I think I am confused as to how the Caffe framework works because I've never seen/used it before. If someone could explain how this logic works step-by-step that would be great.
I already know the basics of Backpropagation so you may assume I already know how it works.
Here is a link to the article itself...https://codewords.recurse.com/issues/five/why-do-neural-networks-think-a-panda-is-a-vulture
I'm going to show you how to do the basics of generating an adversarial image in TF, to apply that to an already learned model you might need some adaptations.
The code blocks work well as blocks in a Jupyter notebook if you want to try this out interactively. If you don't use a notebook, you'll need to add plt.show() calls for the plots to show and remove the matplotlib inline statement. The code is basically the simple MNIST tutorial from the TF documentation, I'll point out the important differences.
First block is just setup, nothing special ...
from __future__ import absolute_import
from __future__ import division
from __future__ import print_function
# if you're not using jupyter notebooks then comment this out
%matplotlib inline
import matplotlib.pyplot as plt
import numpy as np
from tensorflow.examples.tutorials.mnist import input_data
import tensorflow as tf
Get MNIST data (it is down from time to time so you might need to download it from web.archive.org manually and put it into that directory). We're not using one hot encoding like in the tutorial because by now TF has nicer functions to calculate the loss that don't need the one hot encoding anymore.

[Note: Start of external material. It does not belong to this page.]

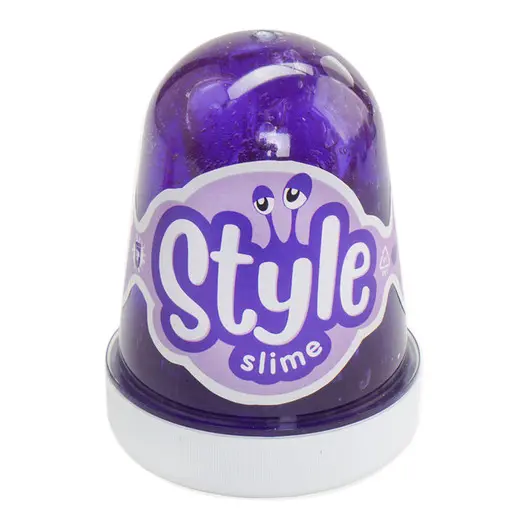 Слайм Lori &quot;Style Slime&quot; фиолетовый с ароматом вишни, 130мл, фото 1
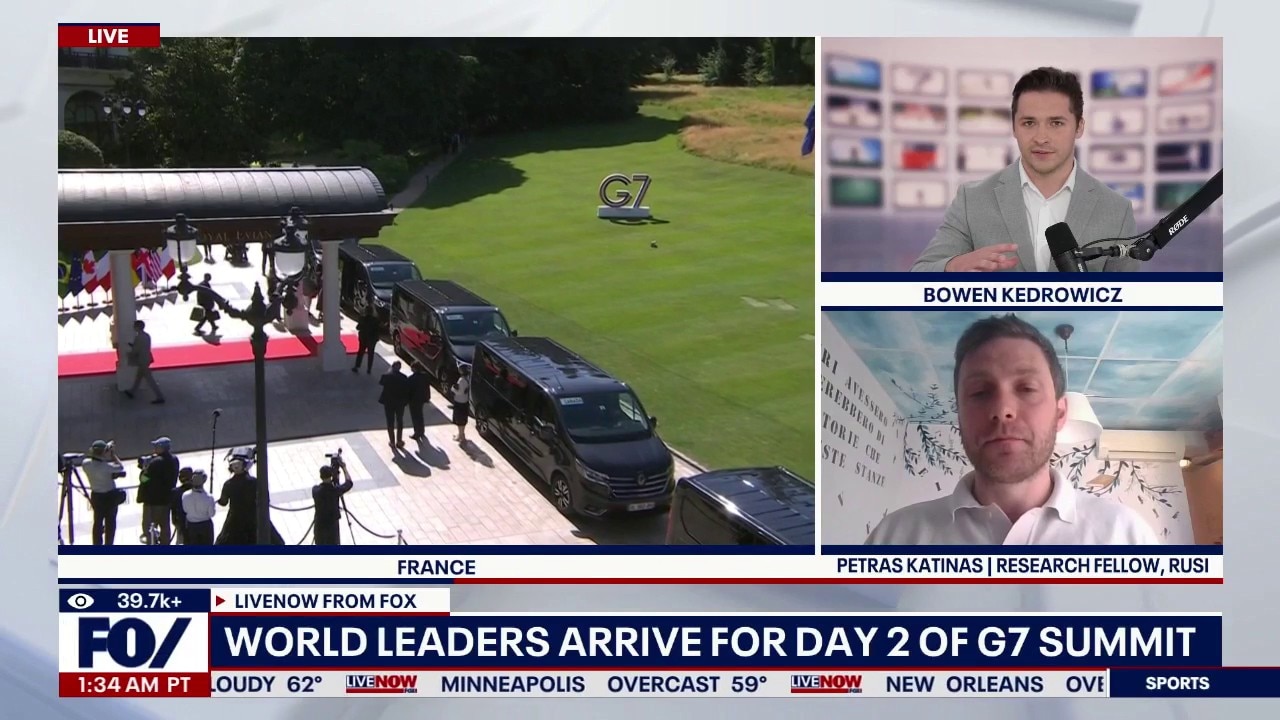 Oil markets shift amid G7 summit in France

mnist = input_data.read_data_sets('/tmp/tensorflow/mnist/input_data')
In the next block we are doing something "special". The input image tensor is defined as a variable because later we want to optimize with regard to the input image. Usually you would have a placeholder here. It does limit us a bit here because we need a definite shape so we only feed in one example at a time. Not something you want to do in production, but for teaching purposes it's fine (and you can get around it with a little more code). Labels are placeholders like normal.
input_images = tf.get_variable("input_image", shape=[1,784], dtype=tf.float32)
input_labels = tf.placeholder(shape=[1], name='input_label', dtype=tf.int32)
Our model is a standard logistic regression model like in the tutorial. We only use the softmax for visualization of results, the loss function takes plain logits.
W = tf.get_variable("weights", shape=[784, 10], dtype=tf.float32, initializer=tf.random_normal_initializer())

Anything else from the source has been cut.